Current IRS guidance (issued prior to DOMA) indicates that treatment of same-sex spouses will be based on whether the state in which the employee resides recognizes the employee’s marriage. In states that recognize same-sex marriage, following Windsor, employers with tax-favored retirement plans will need to address the following:

  • QDROs. A same-sex spouse can now be an alternate payee and receive a QDRO. 
  • Eligible rollover distributions. A same-sex spouse will now be eligible to receive a spousal rollover to an IRA or a plan. 
  • Minimum required distributions. A same-sex spouse is now eligible for a longer delay before distribution under these rules. 
  • Qualified joint and survivor annuities and qualified pre-retirement survivor annuities. A same-sex spouse is now protected by these rules. 
  • Loans. If a plan’s loan rules require spousal consent, a same-sex spouse must now provide that consent. 
  • Hardship distributions. An employee can now receive a hardship distribution due to a same-sex spouse’s medical, tuition, and funeral expenses. 
  • Default beneficiaries. If the plan provides that the benefit is to be paid to a spouse, a same-sex spouse must now receive the benefit. 

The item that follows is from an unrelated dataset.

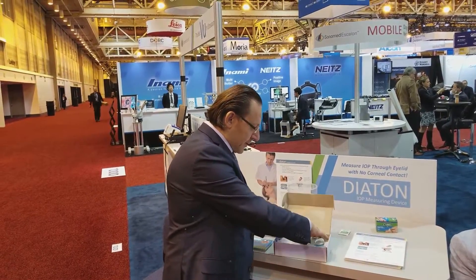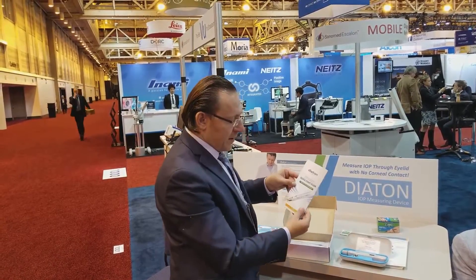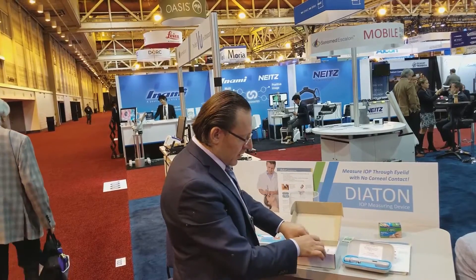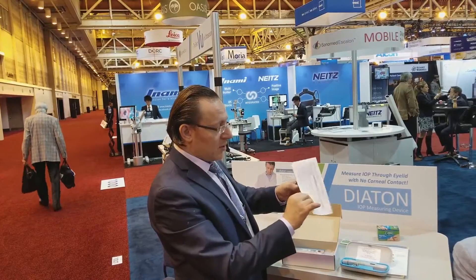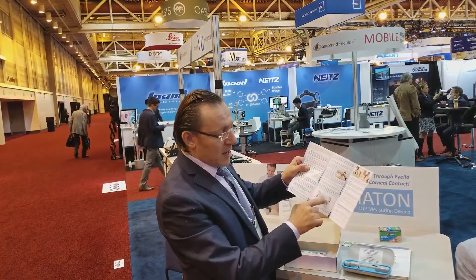Simply open the box and check out the device. You have a quick start guide which will show the correct and the wrong way of doing things — how to position the patient properly, how to work with the eyelid, and how to position the device. There's also a user's guide that will explain all the beeping signals and lettering on the display. Very straightforward step-by-step instructions with great images that elaborate and point out things to do and not to do.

We believe it likely that the IRS will issue guidance on the impact of Windsor in the near future that provides (at least for benefit plans) that if an employee is married the marriage will be recognized regardless of where the employee resides. However, until such guidance is issued, in states that do not recognize same-sex marriage, it is not clear that such changes are required under the Code (based on the IRS guidance prior to DOMA).

Employers Should:

  • Review their health and retirement plans’ definitions of spouse. Employers whose plans cite DOMA explicitly will need to change their documents.
      • Employers with self-insured plans or individually designed retirement plans can adopt their own explicit definitions but should consider state law, as well as discrimination issues, in framing these definitions.
      • Employers with insured plans should contact their insurance providers to discuss the interpretation of the definition of spouse under the insured plan.
      • Employers should remember to review Flexible Benefit Plan and Life Insurance definitions.
  • Consider the eligibility of children of same sex spouses who now are the step children of employees for federal tax purposes. 
  • Consider how to treat domestic partners after Windsor. For example, some employers may no longer allow domestic partner coverage in states that permit same sex marriage. 
  • Review their enrollment process so that same sex spouses are properly identified and accorded the proper tax treatment. 
  • Review and change the tax treatment of health benefits for same sex spouses. For example, employees may cover their same sex spouse’s health care coverage on a pre tax basis. 
  • Consider how to handle employees’ requests for help in seeking a refund from the IRS for taxes paid on the value of a same sex spouse’s health benefits.
  • Consider whether to submit a refund request to the IRS for payroll taxes paid on amounts imputed to employees for same sex domestic partners.